Film Review: Blue Jean

★★★★★

It is 1988 and Section 28 – the notorious legislative clause that banned teachers from discussing homosexual relationships with students – has just come into effect. Lesbian Tyneside PE teacher Jean (Rosy McEwen) lives in fear of being discovered by her colleagues in Georgia Oakley’s astonishing feature debut, a film about the terror that so many lived – and continue to live – in hiding from the bigotry of the state and society.

Blue Jean opens with our eponymous teacher watches that most mundane staples of 1980s Saturday night culture: Cilla Black’s Blind Date. A symbol if ever there was one of heteronormativity, it’s also notable that Black was herself a champion of Thatcher’s government. It’s incredible how much insight this first, stark image gives into Jean’s inner life. That she is alone, that she has chosen (albeit from the admittedly limited selection of 80s telly) this icon of aspirational heteronormativity speaks already to a deeply unresolved yearning inside her. A life that she wants that isn’t hers, or indeed her. As she dyes her hair blonde – a motif that will be repeated later at a key turning point – Jean hides even when there is no one else to hide from. Later, discussing Blind Date, she will tell her girlfriend, Viv (Kerrie Hayes), that not everything is political. Are you sure about that, Jean?
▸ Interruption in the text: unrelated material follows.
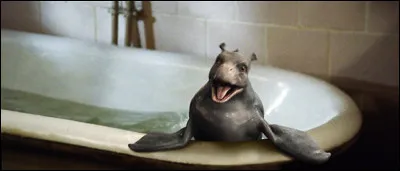 Qui est cet adorable dragon ?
As she drives to work, signs of the world’s hostility are all around: the radio news reports that Section 28 has recently come into effect. A Tory billboard looms at her from the street shrieking about “moral values”. Jean impassively turns the radio off, stares straight ahead, but they remain there all the same. It is no exaggeration to say that Oakley has crafted a vision of dystopia: for gay and non-conforming people in Thatcherite Britain, reality exists on two planes: the first is the world of aspiration, family values, buy-your-council-house and City-Boy economics, the second – at least for Jean – is one of terror, suspicion, marginalisation and the threat moral and financial ruin.
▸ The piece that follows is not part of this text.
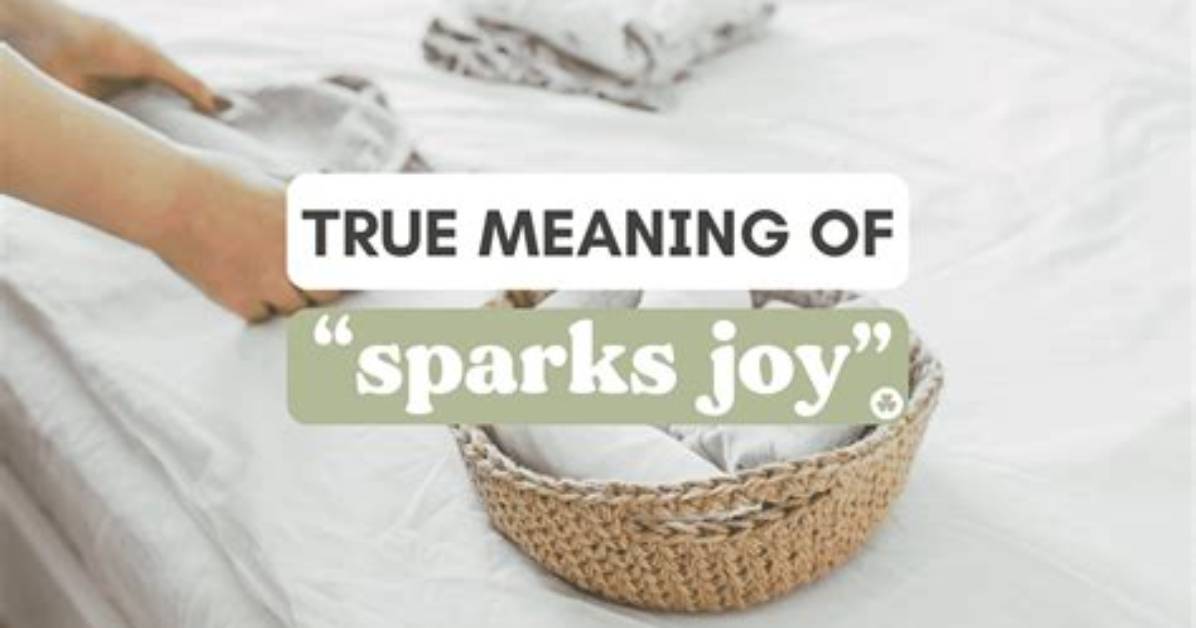 Does It Spark Joy Meaning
Victor Seguin’s wonderfully gritty cinematography speaks to a tradition of social realist British dramas that emerged during the 1970s and 80s, many of which focussed on working class lives and stories of hardship, redemption and coming of age narratives. There is something of Kes, Gregory’s Girl, Rita, Sue and Bob Too, as well as 2006’s This is England in the mix here, but Blue Jean is its own story, too. All tragic heroes need a flaw and Jean’s is fear: her relationship with the gorgeous, caring Viv is strained to the limit because she is too scared to come out, and fear will ultimately lead someone to a profound betrayal of trust. Yet Blue Jean is fundamentally a hopeful film: knowing that that revolting clause was ultimately (belatedly) quashed, the film neither diminishes nor overplays minor acts of resistance – that horrid Tory poster can later be seen vandalised.

It’s a truism that period fiction is always really about the present. And so it is true about Blue Jean. As the forces of hate and bigotry now mobilise against another group of nonconforming people – transgender and non-binary people – the same ludicrous arguments, nonsense moralising and pearl clutching are deployed as they were (and often still are) against gay people. The arc of history bends against hate, but not without profound struggle, loss and pain; fear numbs action, convinces us not to move or to protect our allies. It is very easy for straight, cisgender white male writers like this one to say these things: it is harder to act to protect those less able to protect themselves.